2. **Sensitive to outliers** — A single extreme data point can dramatically inflate or deflate r.
3. **No causation** — Correlation does not imply causation.
4. **Normality assumption** — Strictly requires bivariate normality for inference (significance testing).
Frequently Asked Questions
What does a Pearson r of 0 mean?
r = 0 means no linear relationship between x and y. However, there could still be a non-linear relationship — for example, a perfect parabola (y = x²) has r = 0 because the positive and negative sides cancel out. Always look at a scatter plot alongside the correlation coefficient.
What is the difference between correlation and causation?
Correlation measures the statistical association between two variables, but does not prove that one causes the other. Both could be caused by a third variable (confounding), or the relationship could be coincidental. Pearson r only detects linear association.
How do I know if a correlation is statistically significant?
A t-test is used: t = r√(n−2) / √(1−r²). The resulting p-value tells you the probability of observing this correlation by random chance if the true correlation is zero. If p < 0.05, the correlation is statistically significant at the 5% level.
What is the difference between Pearson and Spearman correlation?
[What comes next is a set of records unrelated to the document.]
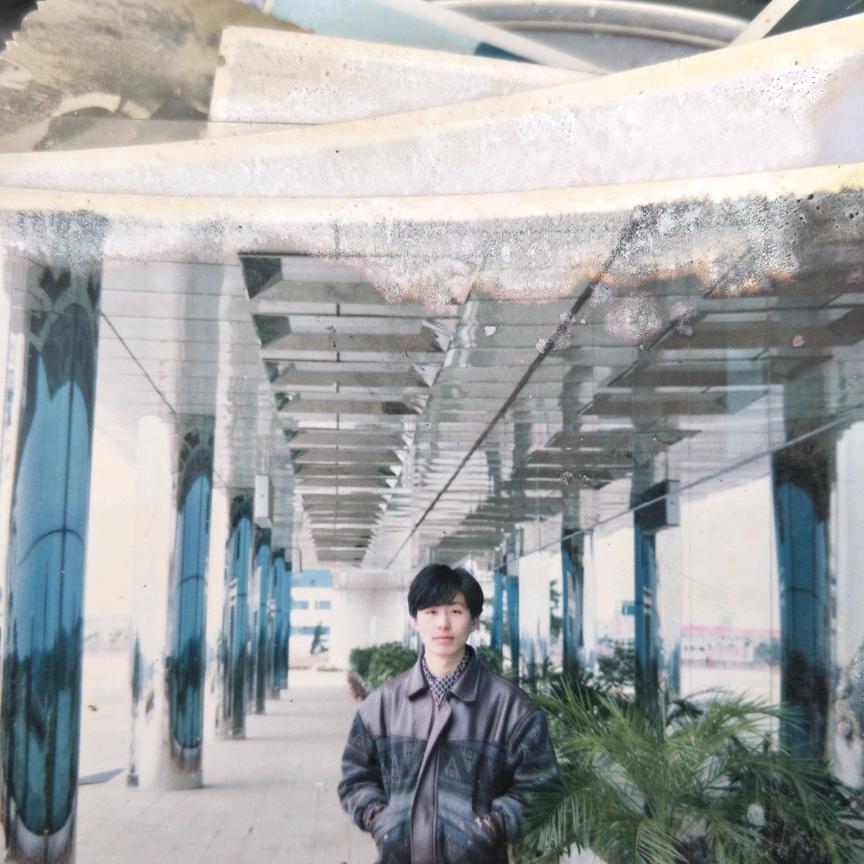 勇三哥：（索图徒弟）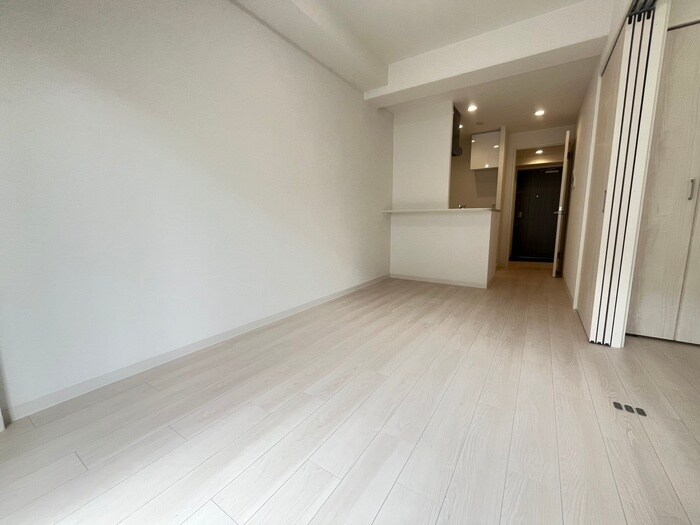 ｿﾙﾃﾗｽOSAKA緑橋ｸﾚｱｽﾄの物件内観写真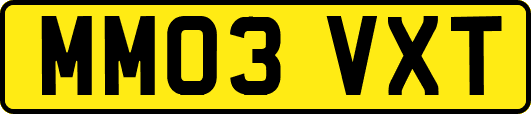 MM03VXT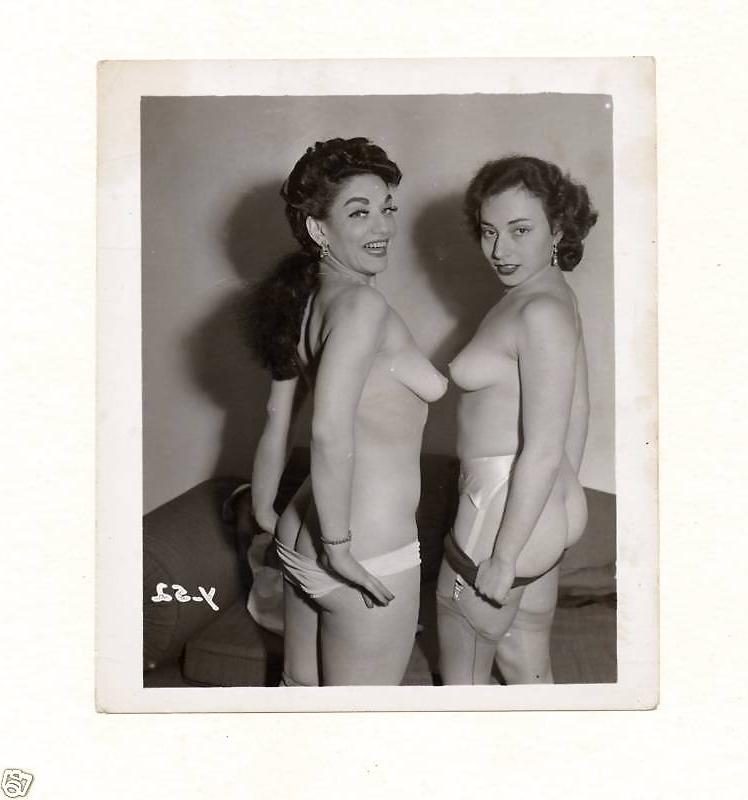 25P Vintage 2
Pearson measures linear correlation using raw values. Spearman measures monotonic correlation using ranks — it is less sensitive to outliers and can detect non-linear but monotonically increasing or decreasing relationships. Use Spearman when data is not normally distributed or has outliers.
What does r² mean?
r² (the square of Pearson r) is the coefficient of determination. It indicates the proportion of variance in y that is shared with x. For example, r = 0.8 gives r² = 0.64, meaning 64% of the variance in y is explained by x.
Can correlation be used with non-numeric data?
Pearson correlation requires numeric, approximately normally distributed data. For ordinal data (rankings), use Spearman correlation. For nominally coded categorical data, use point-biserial (binary) or Cramer's V (multi-category) correlations instead.